Concurrent radiochemotherapy for
medulloblastoma includes the microtubule disrupting agent
vincristine; however,
vincristine alone or as part of a combined treatment regimen is highly toxic. A major goal is therefore to replace
vincristine with novel potent chemotherapeutic agents-in particular, with microtubule stabilizing and destabilizing compounds-with a larger therapeutic window. Here, we investigated the antiproliferative, cytotoxic and
radiosensitizing effect of
patupilone (
epothilone B [
EPO906]), a novel, non-
taxane-related and nonneurotoxic microtubule-
stabilizing agent in human
medulloblastoma cell lines. The antiproliferative and cytotoxic effects of
patupilone alone and in combination with ionizing radiation was determined in the 3 representative human
medulloblastoma cell lines D341Med, D425Med, and DAOY.

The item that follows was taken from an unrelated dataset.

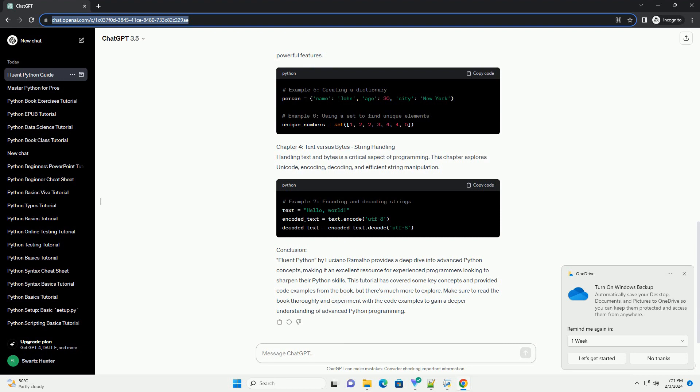Chapter 1: Setting the Stage - Pythonic Thinking. The first chapter of Fluent Python focuses on Pythonic thinking, emphasizing the importance of writing code that is clear, concise, and follows the Python community's conventions. Code examples in this chapter demonstrate the use of list comprehensions, generators, and other Pythonic constructs.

Patupilone alone effectively reduced the proliferative activity and clonogenicity of all
medulloblastoma cell lines tested at picomolar concentrations (50-200 pM) and resulted in an at least additive anticlonogenic effect in combination with clinically relevant doses of ionizing radiation (2 or 5 Gy). Cell-cycle analysis revealed a sequential G2-M arrest and sub-G1 accumulation in a dose- and treatment-dependent manner after exposure to
patupilone. In
tumor xenografts derived from D425Med cells, a minimal treatment regimen with
patupilone and fractionated irradiation (1 × 2 mg/kg plus 3 × 3 Gy) resulted in an extended
tumor growth delay for the 2 single treatment modalities alone and a supra-additive treatment response for the combined treatment modality, with complete
tumor regressions. These results demonstrate the potent efficacy of
patupilone against
medulloblastoma cell lines and indicate that
patupilone represents a promising candidate to replace
vincristine as part of a combined treatment strategy with ionizing radiation.